3. R command => sparkR


Spark-1.6.x is compatable with Scala-2.10 & Scala-2.11

Spark-2.0.x is compatable with Scala-2.11

Spark context available as sc.

SQL context available as sqlContext.

---------------------------------------------

val list = List(1,2,3,4)

val rdd = sc.parallelize(list)

---------------------------------------------
scala> val list = List(1,2,3,4)
list: List[Int] = List(1, 2, 3, 4)

scala> val rdd = sc.parallelize(list)
rdd: org.apache.spark.rdd.RDD[Int] = ParallelCollectionRDD[0] at parallelize at <console>:29

scala> rdd.getNumPartitions
res0: Int = 4

scala> val rdd = sc.parallelize(list, 2)
rdd: org.apache.spark.rdd.RDD[Int] = ParallelCollectionRDD[1] at parallelize at <console>:29

scala> rdd.getNumPartitions
res1: Int = 2


---------------------------------------------

scala> rdd.collect
res3: Array[Int] = Array(1, 2, 3, 4)

scala> rdd.map(x => x + 1).collect
res4: Array[Int] = Array(2, 3, 4, 5)

scala> rdd.map(x => x + 1)
res5: org.apache.spark.rdd.RDD[Int] = MapPartitionsRDD[4] at map at <console>:32

scala> rdd.map(x => x + 1).collect
res6: Array[Int] = Array(2, 3, 4, 5)

scala> rdd.map(x => x * x).collect
res7: Array[Int] = Array(1, 4, 9, 16)


scala> rdd.min
res8: Int = 1

scala> rdd.max
res9: Int = 4

scala> rdd.sum
res10: Double = 10.0

---------------------------------------------
1. create a rdd with 1 to 10 numbers

val rdd = sc.parallelize(1 to 10)

2. add number 1 to each element

val addRdd = rdd.map(x => x + 1)

3. filter even number in above data

val filterRdd = addRdd.filter(x => x % 2 == 1)
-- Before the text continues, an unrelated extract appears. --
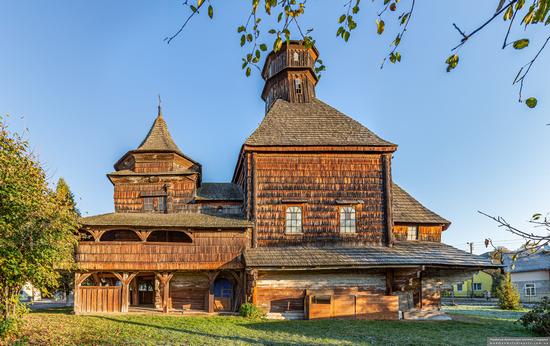 Church of the Exaltation of the Holy Cross in Drohobych, Ukraine, photo 8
4. sum of the all numbers in above data

val sum = filterRdd.sum

5. print all the numbers in above data

filterRdd.foreach(x => println(x))
filterRdd.foreach(println)


6. save this data into local file system / hdfs

val output = "file:///home/orienit/work/output/data"
val output = "hdfs://localhost:8020/output/data"

filterRdd.saveAsTextFile(output)


7. repartition the data

val repartitionRdd = filterRdd.repartition(1)


8. save this data into local file system / hdfs

val output = "file:///home/orienit/work/output/data1"
val output = "hdfs://localhost:8020/output/data1"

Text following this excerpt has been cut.